2013-06-18 9:13 ` Peter Zijlstra
@ 2013-07-08 12:15 ` Peter Zijlstra
2013-07-09 6:18 ` Namhyung Kim
` (2 more replies)
1 sibling, 3 replies; 12+ messages in thread
From: Peter Zijlstra @ 2013-07-08 12:15 UTC (permalink / raw)
To: Yan, Zheng; +Cc: linux-kernel, mingo, eranian, ak
On Thu, Jun 06, 2013 at 01:58:06PM +0800, Yan, Zheng wrote:
> From: "Yan, Zheng" <zheng.z.yan@intel.com>
>
> If perf event buffer is in overwrite mode, the kernel only updates
> the data head when it overwrites old samples. The program that owns
> the buffer need periodically check the buffer and update a variable
> that tracks the date tail. If the program fails to do this in time,
> the data tail can be overwritted by new samples. The program has to
> rewind the buffer because it does not know where is the first vaild
> sample.
>
> This patch makes the kernel update the date tail when it overwrites
> old events. So the program that owns the event buffer can always
> read the latest samples. This is convenient for programs that use
> perf to do branch tracing. One use case is GDB branch tracing:
> (http://sourceware.org/ml/gdb-patches/2012-06/msg00172.html)
> It uses perf interface to read BTS, but only cares the branches
> before the ptrace event.
>
> I added code to perf_output_{begin/end} to count how many cycles
> are spent by sample output, then ran "perf record" to profile kernel
> compilation 10 times on IvyBridge-EP. (perf record -a make -j 60)

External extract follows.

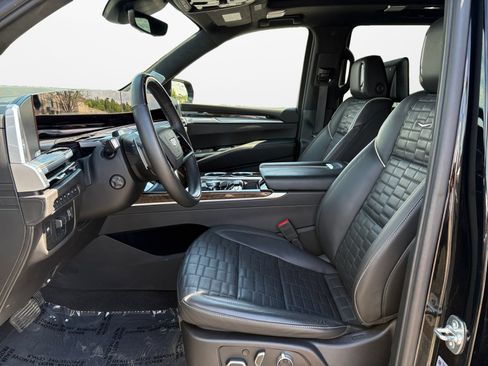 Used 2025 Cadillac Escalade Sport Platinum AWD/4WD image 10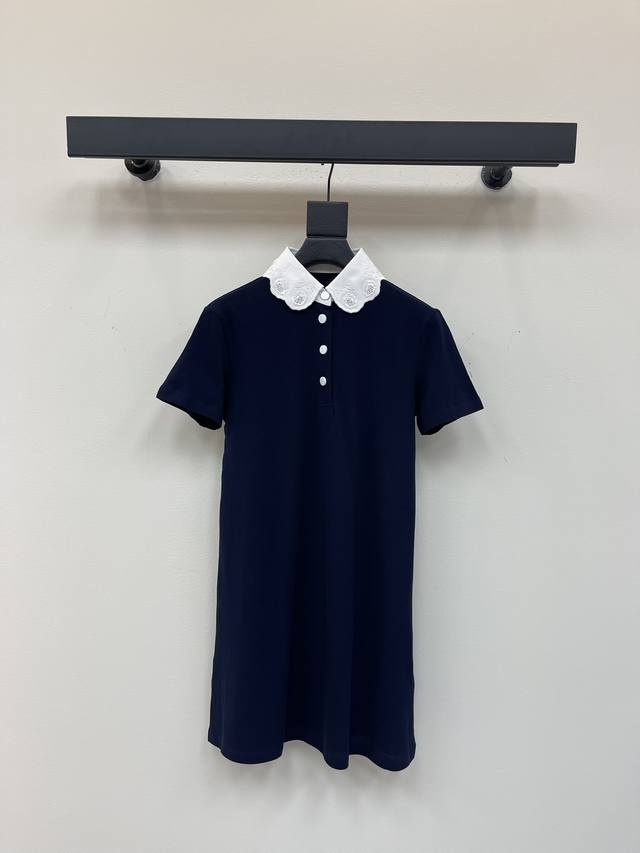 Val*25新款花边翻领连衣裙 花边领上衣裁剪 领口饰以蕾丝花边细节 让整体格调更显乖巧甜美 前襟作半开襟处理 以印刻金扣点缀 增加时尚感 品牌调性骤显 适配减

> The first number is scaled to 1000, the rest numbers are scaled by
> the same factor.
>
> before overwrite mode after overwrite mode
> AVG 1000 999 1046 1044
> STDEV 19.4 19.5 17.1 17.9
OK, so I was sure I replied to this email; but apparently I didn't :/
So its still adding about 5% overhead to the regular case; this is sad.
What does something like the below do?
---
include/linux/perf_event.h | 2 +
kernel/events/core.c | 60 ++++++++++++++++++++++++------
kernel/events/internal.h | 2 +
kernel/events/ring_buffer.c | 90 +++++++++++++++++++++++++++------------------
4 files changed, 106 insertions(+), 48 deletions(-)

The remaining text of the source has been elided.